Local advice assists in negotiating any laws of succession peculiar to that jurisdiction.
If you have a foreign domicile your English Will may be restricted in jurisdiction to immovable property in England and Wales and a Will may be put in place in the country of domicile to deal with worldwide moveable assets and immovable assets situated in that country.
IHT treatment
Of course, this interpretation is in accordance with English law and legal advice in foreign jurisdictions will highlight and help resolve any conflict with these principles.
Domicile also dictates the UK inheritance tax (IHT) treatment of an estate upon death.
Where a deceased domiciled in the UK owned English and overseas assets, their worldwide assets will be assessed for UK IHT, but payment of IHT may be affected by UK Government tax treaties in place with foreign countries in which assets are held.
A deceased domiciled abroad will only have their UK assets assessed for UK IHT.
There are also ‘deemed domicile’ rules which impact the scope of UK IHT. Perhaps the most important is if you are UK tax resident for 17 out of the 20 tax years prior to your death you will be deemed domicile in the UK and your worldwide assets will be subject to UK IHT.
Thus, if you move from the UK and intend to live in a foreign country permanently, you will be caught by the deemed domicile rule if at your death you have not lived outside of the UK and been non-UK tax resident for more than three years.
If you were to die domiciled in England and Wales without a Will, the English laws of intestacy apply to your worldwide moveable assets and your immovable property in England and Wales.

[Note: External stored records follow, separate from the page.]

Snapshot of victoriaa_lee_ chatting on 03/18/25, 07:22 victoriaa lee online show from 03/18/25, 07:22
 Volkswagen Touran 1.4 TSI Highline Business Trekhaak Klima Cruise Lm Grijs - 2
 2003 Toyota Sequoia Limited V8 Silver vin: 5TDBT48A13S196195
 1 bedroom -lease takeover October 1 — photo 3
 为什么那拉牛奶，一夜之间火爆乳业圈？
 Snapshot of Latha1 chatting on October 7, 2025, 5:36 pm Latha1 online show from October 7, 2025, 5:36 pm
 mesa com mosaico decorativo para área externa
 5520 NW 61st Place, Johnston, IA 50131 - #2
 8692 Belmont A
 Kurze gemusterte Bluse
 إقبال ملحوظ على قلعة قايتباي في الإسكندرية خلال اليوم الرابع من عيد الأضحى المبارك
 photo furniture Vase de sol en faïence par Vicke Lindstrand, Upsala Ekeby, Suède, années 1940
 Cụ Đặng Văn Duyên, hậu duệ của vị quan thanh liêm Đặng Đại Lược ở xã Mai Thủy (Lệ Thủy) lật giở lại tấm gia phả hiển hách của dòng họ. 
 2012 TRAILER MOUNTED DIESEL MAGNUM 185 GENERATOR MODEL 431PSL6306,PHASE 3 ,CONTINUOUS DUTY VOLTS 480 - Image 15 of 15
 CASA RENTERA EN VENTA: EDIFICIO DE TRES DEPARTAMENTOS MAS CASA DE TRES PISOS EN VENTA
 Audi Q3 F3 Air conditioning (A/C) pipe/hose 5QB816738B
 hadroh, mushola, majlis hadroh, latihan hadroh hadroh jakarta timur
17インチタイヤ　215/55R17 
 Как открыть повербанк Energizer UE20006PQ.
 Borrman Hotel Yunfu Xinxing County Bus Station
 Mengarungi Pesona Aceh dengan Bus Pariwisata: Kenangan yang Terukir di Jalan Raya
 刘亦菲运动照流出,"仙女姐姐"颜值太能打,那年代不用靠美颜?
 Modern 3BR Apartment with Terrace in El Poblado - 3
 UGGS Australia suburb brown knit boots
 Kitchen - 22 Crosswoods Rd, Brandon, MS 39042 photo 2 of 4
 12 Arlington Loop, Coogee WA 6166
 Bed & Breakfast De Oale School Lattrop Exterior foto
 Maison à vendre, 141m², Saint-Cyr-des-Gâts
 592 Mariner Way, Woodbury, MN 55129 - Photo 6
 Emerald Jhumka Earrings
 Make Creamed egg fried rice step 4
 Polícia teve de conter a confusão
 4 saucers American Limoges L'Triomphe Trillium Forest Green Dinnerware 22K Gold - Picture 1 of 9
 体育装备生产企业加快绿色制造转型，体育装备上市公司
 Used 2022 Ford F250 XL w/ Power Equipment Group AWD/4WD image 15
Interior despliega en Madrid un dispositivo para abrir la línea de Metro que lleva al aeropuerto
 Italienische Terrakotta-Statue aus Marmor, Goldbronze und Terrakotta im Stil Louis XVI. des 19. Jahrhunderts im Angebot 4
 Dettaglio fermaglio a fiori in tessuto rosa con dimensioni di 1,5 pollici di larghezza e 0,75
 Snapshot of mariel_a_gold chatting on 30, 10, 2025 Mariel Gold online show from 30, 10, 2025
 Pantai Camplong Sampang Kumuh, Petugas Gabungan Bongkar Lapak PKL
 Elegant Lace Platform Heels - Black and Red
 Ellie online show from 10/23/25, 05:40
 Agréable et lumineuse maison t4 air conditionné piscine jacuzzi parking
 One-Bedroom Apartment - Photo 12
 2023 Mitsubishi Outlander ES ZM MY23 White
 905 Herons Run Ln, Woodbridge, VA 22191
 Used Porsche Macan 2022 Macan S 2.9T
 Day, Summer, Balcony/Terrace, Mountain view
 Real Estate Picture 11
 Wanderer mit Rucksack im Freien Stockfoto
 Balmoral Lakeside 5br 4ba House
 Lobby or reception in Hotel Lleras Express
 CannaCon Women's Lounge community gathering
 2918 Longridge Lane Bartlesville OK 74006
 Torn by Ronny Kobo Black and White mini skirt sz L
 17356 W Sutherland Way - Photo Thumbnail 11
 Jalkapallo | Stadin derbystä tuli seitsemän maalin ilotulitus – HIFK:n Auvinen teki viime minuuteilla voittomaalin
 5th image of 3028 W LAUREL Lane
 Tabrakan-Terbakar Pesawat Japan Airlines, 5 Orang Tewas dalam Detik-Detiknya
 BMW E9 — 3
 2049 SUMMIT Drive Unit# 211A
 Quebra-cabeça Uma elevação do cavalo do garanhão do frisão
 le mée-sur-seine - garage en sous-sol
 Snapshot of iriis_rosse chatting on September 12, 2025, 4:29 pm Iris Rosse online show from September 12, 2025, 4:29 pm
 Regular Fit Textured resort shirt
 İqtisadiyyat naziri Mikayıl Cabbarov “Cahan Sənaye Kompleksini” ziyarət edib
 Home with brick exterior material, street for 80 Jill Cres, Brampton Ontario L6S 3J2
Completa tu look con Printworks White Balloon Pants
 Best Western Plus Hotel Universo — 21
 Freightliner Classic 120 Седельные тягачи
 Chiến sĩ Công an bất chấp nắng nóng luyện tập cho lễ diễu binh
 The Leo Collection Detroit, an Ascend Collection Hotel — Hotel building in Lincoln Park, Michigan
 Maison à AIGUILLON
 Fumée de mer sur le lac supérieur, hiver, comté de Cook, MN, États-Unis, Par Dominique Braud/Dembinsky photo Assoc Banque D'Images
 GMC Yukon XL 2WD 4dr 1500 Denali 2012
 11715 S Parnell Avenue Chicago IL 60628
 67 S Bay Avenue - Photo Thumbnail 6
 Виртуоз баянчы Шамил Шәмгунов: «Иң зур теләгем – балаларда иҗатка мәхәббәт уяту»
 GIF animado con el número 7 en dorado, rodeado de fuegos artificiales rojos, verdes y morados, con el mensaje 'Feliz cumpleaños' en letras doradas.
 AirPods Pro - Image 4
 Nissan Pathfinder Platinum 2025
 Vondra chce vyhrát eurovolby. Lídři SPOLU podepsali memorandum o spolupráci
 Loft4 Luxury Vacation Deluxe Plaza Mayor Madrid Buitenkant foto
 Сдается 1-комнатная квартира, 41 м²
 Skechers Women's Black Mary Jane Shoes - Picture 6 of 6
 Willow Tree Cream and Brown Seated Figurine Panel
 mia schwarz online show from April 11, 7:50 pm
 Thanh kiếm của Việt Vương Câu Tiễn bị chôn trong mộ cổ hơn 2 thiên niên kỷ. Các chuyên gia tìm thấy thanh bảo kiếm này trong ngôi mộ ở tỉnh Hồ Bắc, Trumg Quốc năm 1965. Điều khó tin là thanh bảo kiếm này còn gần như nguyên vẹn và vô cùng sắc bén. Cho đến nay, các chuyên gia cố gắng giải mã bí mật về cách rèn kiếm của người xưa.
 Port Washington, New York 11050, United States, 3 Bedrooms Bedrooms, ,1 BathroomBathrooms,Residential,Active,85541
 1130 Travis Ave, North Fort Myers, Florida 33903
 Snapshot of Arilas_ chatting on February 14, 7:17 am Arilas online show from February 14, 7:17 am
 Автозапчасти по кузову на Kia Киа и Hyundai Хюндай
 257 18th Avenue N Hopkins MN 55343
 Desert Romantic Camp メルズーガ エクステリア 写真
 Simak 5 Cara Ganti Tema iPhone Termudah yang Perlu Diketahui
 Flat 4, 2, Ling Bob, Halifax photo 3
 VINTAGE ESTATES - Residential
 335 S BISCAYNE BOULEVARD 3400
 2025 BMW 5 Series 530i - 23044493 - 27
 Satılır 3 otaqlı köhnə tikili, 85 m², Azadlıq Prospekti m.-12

If domiciled elsewhere those same laws of intestacy will apply to your immovable property in England and Wales and your moveable assets will pass in accordance with the rules of succession as provided by the country of your domicile.
The English laws of intestacy stipulate a strict formula for the distribution of an estate and may cause an unwanted outcome.
Multi-jurisdictional estates are by their very nature complex and professional advice should be obtained in all relevant countries to ensure smooth and tax efficient succession planning.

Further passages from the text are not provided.